Line tally for "Road": state how many lines of the entries include it, with no other text.

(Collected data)
▼▼▼

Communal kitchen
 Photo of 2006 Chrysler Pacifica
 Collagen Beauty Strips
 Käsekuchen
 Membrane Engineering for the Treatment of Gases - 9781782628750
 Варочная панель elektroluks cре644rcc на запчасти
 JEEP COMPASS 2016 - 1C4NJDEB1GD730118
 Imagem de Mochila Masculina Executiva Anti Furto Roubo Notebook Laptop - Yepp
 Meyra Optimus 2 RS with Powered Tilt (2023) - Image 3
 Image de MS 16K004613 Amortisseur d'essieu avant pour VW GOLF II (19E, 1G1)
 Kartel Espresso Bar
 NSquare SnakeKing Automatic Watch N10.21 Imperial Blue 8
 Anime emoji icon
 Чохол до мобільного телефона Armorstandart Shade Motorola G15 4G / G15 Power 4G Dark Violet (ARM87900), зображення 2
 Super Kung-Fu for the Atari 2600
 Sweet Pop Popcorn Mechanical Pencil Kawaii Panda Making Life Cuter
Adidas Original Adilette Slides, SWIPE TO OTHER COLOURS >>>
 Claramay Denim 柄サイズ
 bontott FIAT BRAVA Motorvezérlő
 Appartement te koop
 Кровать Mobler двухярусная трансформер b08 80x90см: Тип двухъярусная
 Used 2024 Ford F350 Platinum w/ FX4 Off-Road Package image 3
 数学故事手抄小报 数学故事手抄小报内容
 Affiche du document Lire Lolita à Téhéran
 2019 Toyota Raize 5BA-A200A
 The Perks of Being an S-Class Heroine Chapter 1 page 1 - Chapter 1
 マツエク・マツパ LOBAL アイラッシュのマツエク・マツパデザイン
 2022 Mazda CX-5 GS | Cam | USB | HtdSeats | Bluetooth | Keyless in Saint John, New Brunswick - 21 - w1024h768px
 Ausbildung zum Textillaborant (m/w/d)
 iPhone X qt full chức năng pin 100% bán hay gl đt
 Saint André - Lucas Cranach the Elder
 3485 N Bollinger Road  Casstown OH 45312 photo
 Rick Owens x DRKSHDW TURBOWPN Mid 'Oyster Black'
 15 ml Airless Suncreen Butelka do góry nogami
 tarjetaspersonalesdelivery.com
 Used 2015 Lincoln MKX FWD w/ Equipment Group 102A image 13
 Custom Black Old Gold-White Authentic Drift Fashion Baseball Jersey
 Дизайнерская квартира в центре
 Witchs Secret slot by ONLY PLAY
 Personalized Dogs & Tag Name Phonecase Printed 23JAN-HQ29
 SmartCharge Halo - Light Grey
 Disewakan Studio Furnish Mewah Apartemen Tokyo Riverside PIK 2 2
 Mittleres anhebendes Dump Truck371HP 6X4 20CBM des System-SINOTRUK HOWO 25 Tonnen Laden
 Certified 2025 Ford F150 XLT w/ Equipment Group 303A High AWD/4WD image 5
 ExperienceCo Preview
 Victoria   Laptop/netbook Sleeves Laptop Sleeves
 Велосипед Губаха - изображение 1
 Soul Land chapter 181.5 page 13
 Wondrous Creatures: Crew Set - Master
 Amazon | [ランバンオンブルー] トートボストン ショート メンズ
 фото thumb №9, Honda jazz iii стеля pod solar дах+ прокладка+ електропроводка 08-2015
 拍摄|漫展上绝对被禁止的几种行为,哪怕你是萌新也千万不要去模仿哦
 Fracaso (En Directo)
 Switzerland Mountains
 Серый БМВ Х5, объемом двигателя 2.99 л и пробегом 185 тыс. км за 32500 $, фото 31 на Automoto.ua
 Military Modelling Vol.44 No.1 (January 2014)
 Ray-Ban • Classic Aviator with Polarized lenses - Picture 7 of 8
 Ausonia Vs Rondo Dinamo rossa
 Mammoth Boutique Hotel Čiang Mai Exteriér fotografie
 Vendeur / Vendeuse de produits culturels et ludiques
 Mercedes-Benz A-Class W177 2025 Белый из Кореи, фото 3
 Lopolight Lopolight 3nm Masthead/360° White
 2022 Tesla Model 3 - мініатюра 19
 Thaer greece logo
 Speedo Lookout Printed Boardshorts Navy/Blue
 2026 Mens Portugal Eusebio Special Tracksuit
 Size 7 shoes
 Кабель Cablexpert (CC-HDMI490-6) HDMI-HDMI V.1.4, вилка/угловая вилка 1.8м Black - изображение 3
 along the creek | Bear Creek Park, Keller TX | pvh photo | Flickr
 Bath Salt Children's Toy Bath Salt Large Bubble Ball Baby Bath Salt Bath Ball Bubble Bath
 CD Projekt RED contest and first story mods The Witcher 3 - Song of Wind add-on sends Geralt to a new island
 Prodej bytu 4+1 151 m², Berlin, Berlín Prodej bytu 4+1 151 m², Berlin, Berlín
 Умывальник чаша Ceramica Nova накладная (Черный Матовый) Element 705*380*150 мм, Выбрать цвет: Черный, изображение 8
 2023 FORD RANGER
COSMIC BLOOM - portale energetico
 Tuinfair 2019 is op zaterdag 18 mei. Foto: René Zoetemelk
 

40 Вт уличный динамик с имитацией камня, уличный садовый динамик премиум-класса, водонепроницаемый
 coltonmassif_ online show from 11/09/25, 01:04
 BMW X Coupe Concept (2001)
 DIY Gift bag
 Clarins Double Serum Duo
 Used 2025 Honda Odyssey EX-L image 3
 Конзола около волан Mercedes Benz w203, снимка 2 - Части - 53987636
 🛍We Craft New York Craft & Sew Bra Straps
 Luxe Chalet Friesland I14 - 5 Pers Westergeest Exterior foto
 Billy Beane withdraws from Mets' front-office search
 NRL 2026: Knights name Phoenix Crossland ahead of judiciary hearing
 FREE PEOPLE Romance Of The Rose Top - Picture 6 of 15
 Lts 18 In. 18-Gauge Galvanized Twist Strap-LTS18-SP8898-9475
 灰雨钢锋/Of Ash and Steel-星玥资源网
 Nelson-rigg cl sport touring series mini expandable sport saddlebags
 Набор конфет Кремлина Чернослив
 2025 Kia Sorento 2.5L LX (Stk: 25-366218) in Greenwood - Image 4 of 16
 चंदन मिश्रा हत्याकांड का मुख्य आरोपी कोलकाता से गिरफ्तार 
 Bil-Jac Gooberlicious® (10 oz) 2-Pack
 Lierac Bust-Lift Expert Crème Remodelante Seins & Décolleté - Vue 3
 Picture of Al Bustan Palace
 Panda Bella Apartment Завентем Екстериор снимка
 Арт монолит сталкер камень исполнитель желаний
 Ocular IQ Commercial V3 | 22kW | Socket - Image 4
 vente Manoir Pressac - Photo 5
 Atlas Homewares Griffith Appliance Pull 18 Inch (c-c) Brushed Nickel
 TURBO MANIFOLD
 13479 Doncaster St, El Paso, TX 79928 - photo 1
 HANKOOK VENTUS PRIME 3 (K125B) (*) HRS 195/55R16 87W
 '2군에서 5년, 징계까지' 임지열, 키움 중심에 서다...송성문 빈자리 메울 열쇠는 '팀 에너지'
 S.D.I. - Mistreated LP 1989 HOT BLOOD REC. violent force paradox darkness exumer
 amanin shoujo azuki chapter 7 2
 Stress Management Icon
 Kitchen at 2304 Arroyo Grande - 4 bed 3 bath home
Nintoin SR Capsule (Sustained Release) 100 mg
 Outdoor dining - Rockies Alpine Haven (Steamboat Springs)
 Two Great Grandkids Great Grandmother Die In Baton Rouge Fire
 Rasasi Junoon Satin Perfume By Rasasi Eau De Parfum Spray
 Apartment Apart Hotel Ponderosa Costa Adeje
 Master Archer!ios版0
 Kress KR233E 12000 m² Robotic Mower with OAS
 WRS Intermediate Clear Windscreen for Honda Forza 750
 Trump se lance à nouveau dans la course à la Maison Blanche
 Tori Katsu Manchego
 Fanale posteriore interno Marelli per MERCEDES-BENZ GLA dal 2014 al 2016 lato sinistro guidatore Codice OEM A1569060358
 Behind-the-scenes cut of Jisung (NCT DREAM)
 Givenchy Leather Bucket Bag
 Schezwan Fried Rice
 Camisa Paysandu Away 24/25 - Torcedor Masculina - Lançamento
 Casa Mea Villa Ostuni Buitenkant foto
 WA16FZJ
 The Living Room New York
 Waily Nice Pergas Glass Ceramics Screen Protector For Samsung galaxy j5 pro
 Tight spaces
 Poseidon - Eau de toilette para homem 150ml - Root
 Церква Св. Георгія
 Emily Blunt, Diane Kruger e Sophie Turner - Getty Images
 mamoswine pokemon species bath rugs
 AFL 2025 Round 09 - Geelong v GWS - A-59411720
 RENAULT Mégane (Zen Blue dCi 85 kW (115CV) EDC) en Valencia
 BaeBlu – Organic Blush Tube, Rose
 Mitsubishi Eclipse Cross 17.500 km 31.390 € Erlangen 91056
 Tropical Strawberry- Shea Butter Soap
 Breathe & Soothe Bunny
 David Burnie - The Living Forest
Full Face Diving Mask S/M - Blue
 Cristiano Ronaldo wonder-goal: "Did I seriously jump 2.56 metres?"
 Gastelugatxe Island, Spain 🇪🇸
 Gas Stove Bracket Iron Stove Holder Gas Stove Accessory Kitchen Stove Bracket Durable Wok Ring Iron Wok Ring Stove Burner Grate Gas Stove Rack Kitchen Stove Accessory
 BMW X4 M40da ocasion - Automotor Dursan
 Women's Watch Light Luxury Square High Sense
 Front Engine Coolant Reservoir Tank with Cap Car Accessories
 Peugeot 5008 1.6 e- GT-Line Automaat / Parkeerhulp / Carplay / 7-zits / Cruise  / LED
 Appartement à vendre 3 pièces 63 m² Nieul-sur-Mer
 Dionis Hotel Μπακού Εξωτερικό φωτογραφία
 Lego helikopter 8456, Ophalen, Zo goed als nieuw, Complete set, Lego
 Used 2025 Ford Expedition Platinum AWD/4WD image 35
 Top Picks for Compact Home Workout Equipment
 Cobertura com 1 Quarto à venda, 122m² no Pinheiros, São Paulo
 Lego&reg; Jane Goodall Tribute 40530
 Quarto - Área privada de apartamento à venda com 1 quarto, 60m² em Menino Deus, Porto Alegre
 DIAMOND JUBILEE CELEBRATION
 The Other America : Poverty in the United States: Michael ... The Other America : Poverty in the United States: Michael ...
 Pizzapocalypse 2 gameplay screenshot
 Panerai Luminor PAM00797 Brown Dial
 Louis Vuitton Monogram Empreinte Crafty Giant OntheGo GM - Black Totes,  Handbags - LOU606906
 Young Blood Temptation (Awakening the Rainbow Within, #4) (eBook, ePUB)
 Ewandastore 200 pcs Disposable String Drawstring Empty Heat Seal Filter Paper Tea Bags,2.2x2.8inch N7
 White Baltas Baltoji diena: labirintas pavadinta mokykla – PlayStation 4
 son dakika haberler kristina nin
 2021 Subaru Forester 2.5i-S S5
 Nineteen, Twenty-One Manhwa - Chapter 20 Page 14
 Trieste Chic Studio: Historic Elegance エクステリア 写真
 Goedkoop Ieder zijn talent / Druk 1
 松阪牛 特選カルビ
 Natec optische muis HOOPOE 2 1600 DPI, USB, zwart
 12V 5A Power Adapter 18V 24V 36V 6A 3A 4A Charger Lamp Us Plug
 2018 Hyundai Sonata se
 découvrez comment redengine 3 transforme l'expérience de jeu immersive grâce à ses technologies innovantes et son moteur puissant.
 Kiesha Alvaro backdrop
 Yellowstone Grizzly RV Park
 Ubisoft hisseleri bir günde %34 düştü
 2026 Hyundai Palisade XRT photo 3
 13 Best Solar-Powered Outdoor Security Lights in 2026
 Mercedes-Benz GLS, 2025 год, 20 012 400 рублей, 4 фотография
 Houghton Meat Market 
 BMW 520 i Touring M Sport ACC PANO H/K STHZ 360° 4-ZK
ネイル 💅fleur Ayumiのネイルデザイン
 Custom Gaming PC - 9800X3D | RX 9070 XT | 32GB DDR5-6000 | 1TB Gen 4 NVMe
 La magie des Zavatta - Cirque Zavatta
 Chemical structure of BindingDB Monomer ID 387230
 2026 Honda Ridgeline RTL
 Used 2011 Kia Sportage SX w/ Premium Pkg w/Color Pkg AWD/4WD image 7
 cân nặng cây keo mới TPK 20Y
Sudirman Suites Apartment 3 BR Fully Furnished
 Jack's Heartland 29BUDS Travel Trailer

▲▲▲

Your solution
2